Bénéficiaire direct de dix millions de dollars
Le scénario s’est reproduit pour la Coupe du monde 2010, convoitée par l’Egypte, le Maroc et l’Afrique du Sud. Blazer, entré dans l’intervalle au Comité exécutif de la Fifa, a cette fois été l’un des bénéficiaires directs. « À partir de 2004 et jusqu’en 2011, moi et d’autres membres du comité exécutif de la Fifa, nous avons accepté des pots-de-vin en vue de la désignation de l’Afrique du Sud comme pays organisateur de la Coupe du monde 2010 », a-t-il admis.

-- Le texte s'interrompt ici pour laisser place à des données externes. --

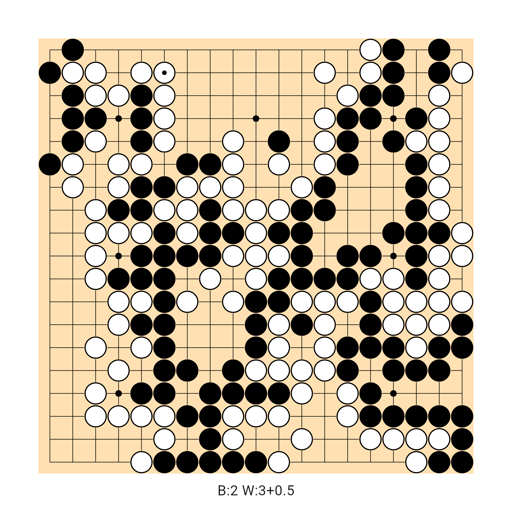 Game position
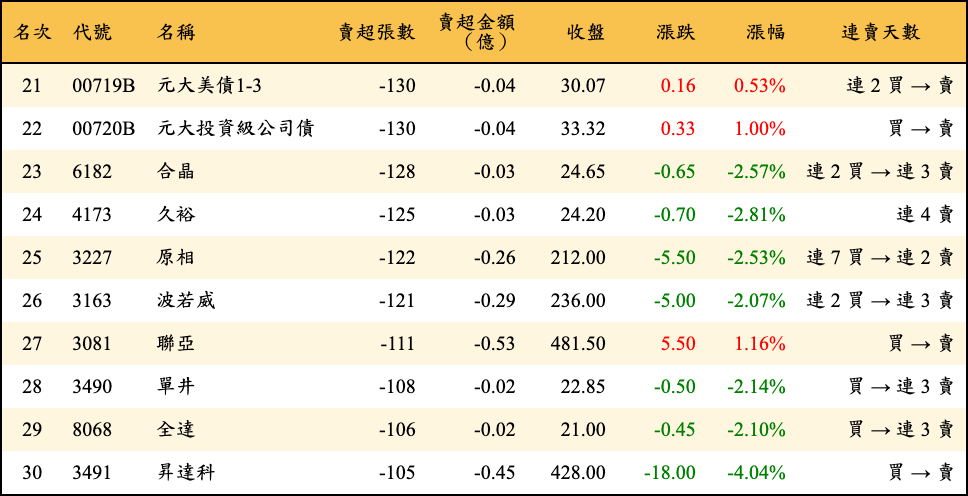 賣超張數及金額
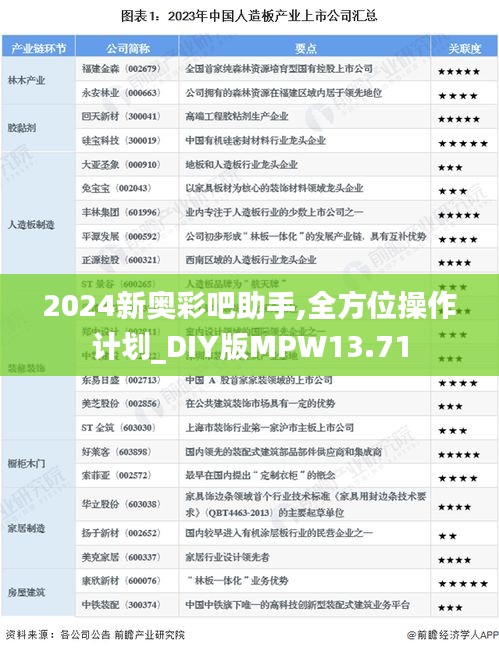 2024新奥彩吧助手,全方位操作计划_DIY版MPW13.71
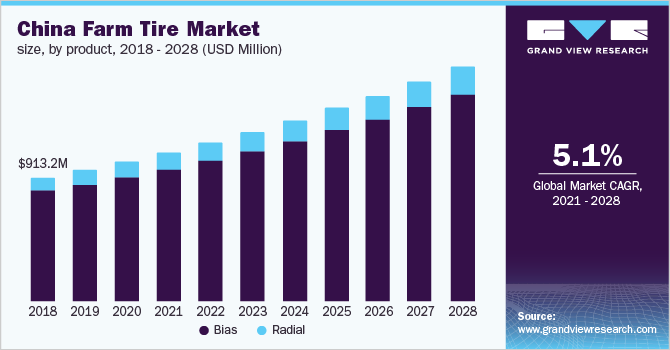 中国农业轮胎市场规模,产品,2018 - 2028(百万美元)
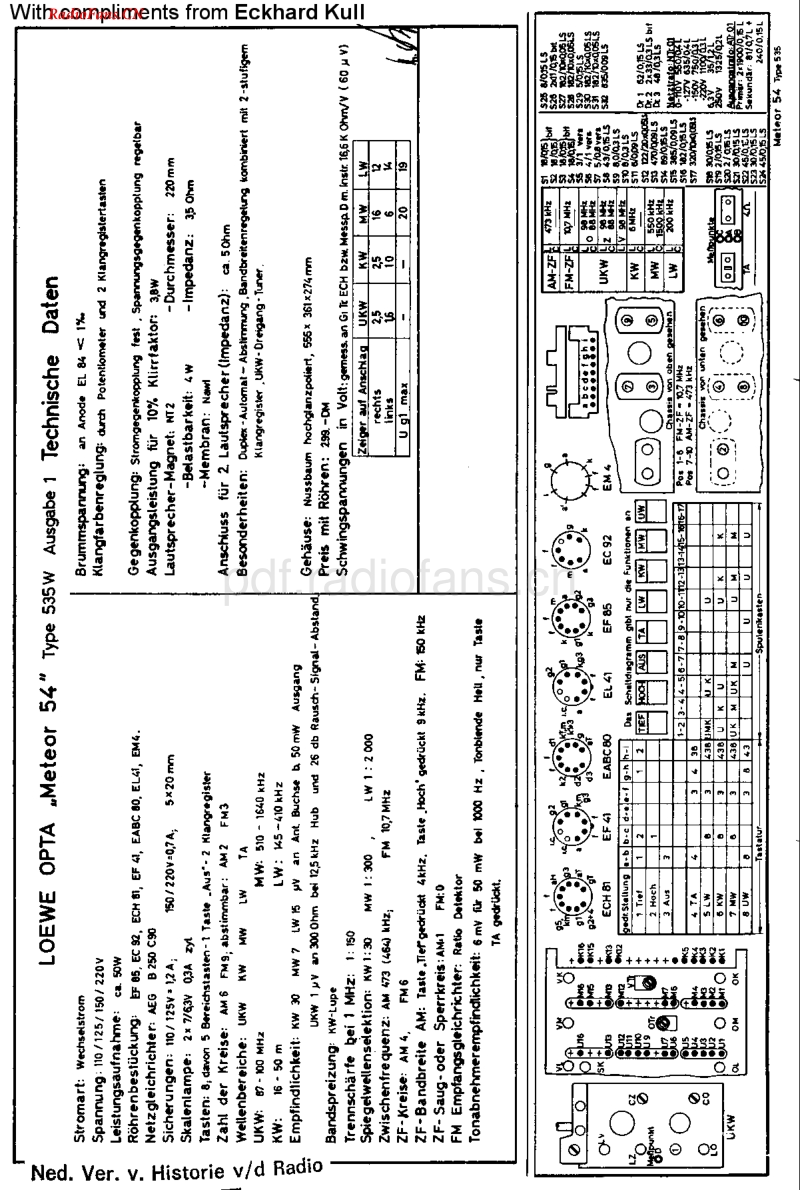 LoeweOpta_535W-电路原理图.pdf_第1页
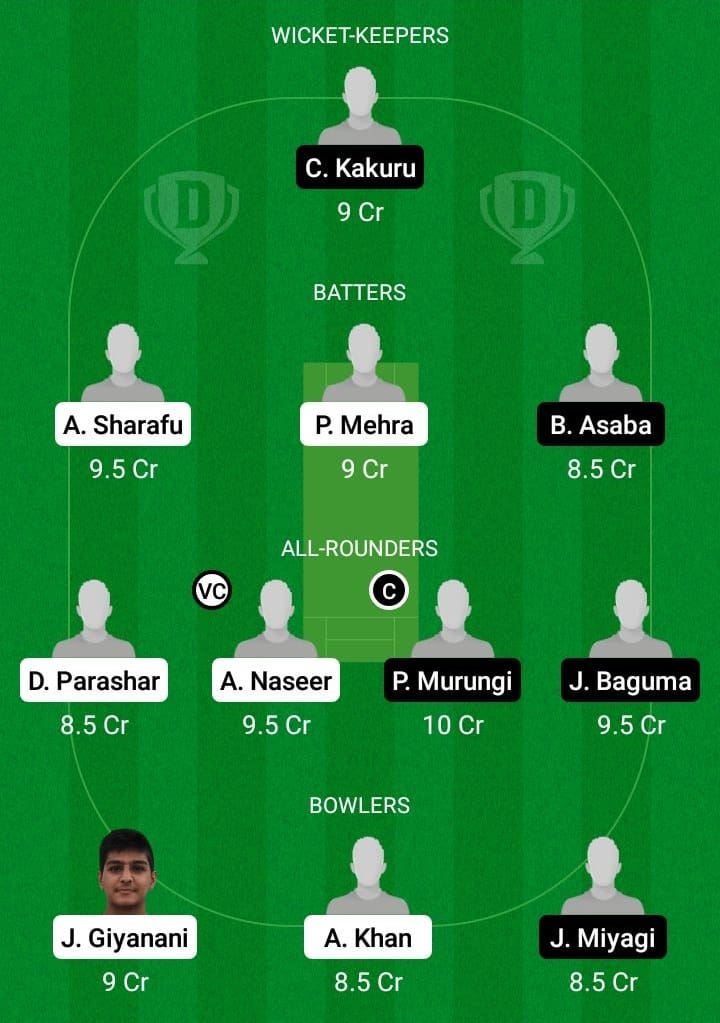 UAE-U19 vs UGA-U19 Dream11 Fantasy Team Prediction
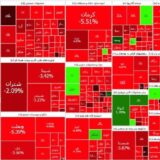 بورس تهران در نهم بهمن ۱۴۰۱: بیشتر نمادها قرمز شدند.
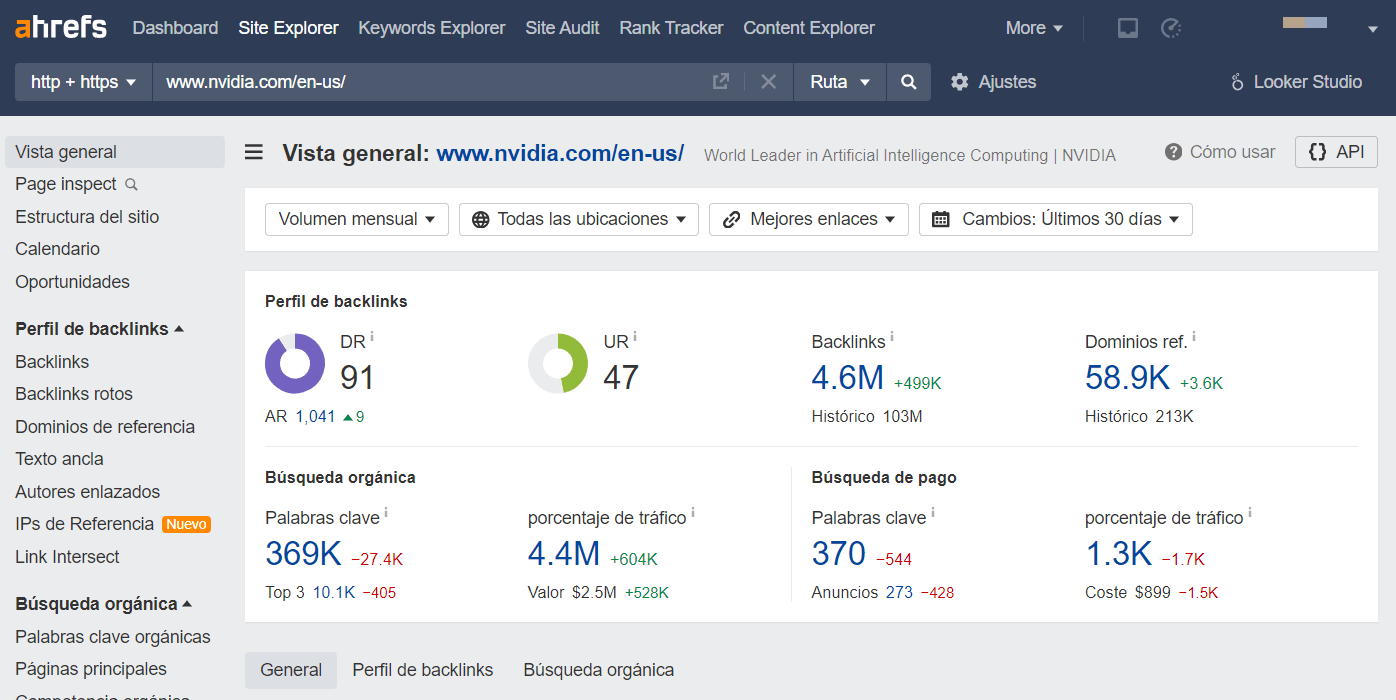 Tráfico de Nvidia E.E.U.U. vía Site Explorer de Ahrefs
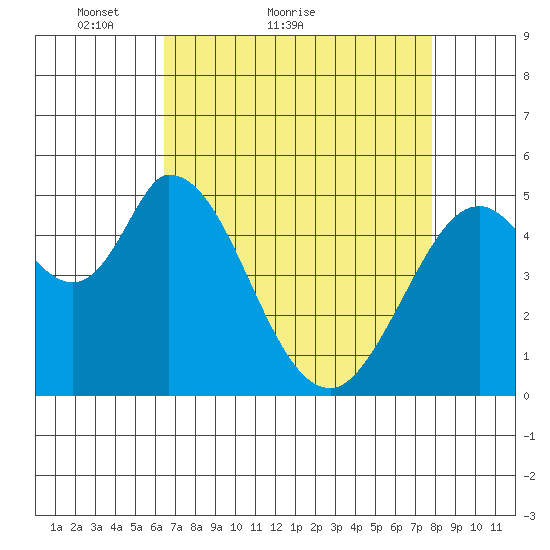 Petaluma Marina tide chart for Monday, April 19, 2021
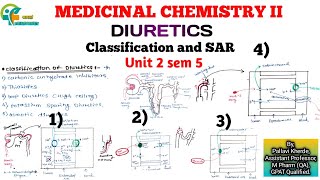 Diuretics Medicinal Chemistry 2 Classification amp SAR  Unit 2 sem 5 b pharmacy [upl. by Hairahcez]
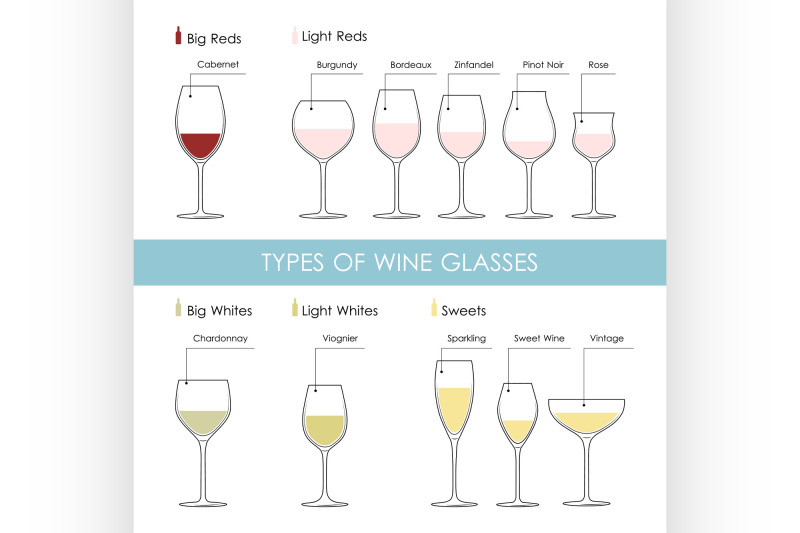 types-of-wine-glasses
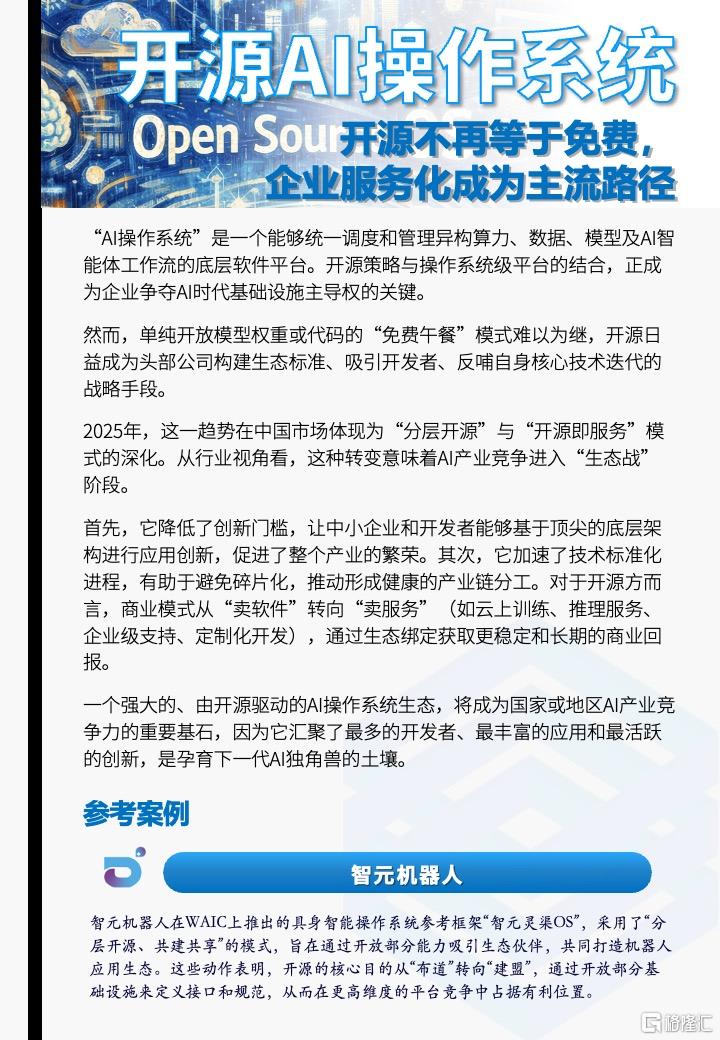 此图片的 alt 属性为空；文件名为 2025123102331182.jpeg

La justice américaine soupçonne également le Trinidadien Jack Warner d’avoir empoché 10 millions de dollars en échange de trois voix en faveur de l’Afrique du Sud lors du vote pour l’attribution du Mondial 2010. L’Afrique du Sud a, depuis, reconnu que 10 millions de dollars avaient été versés au football caribéen par fraternité panafricaine et a balayé toute idée de corruption. Ce pays avait été préféré à l’Egypte, au Maroc et à une candidature commune entre la Libye et la Tunisie.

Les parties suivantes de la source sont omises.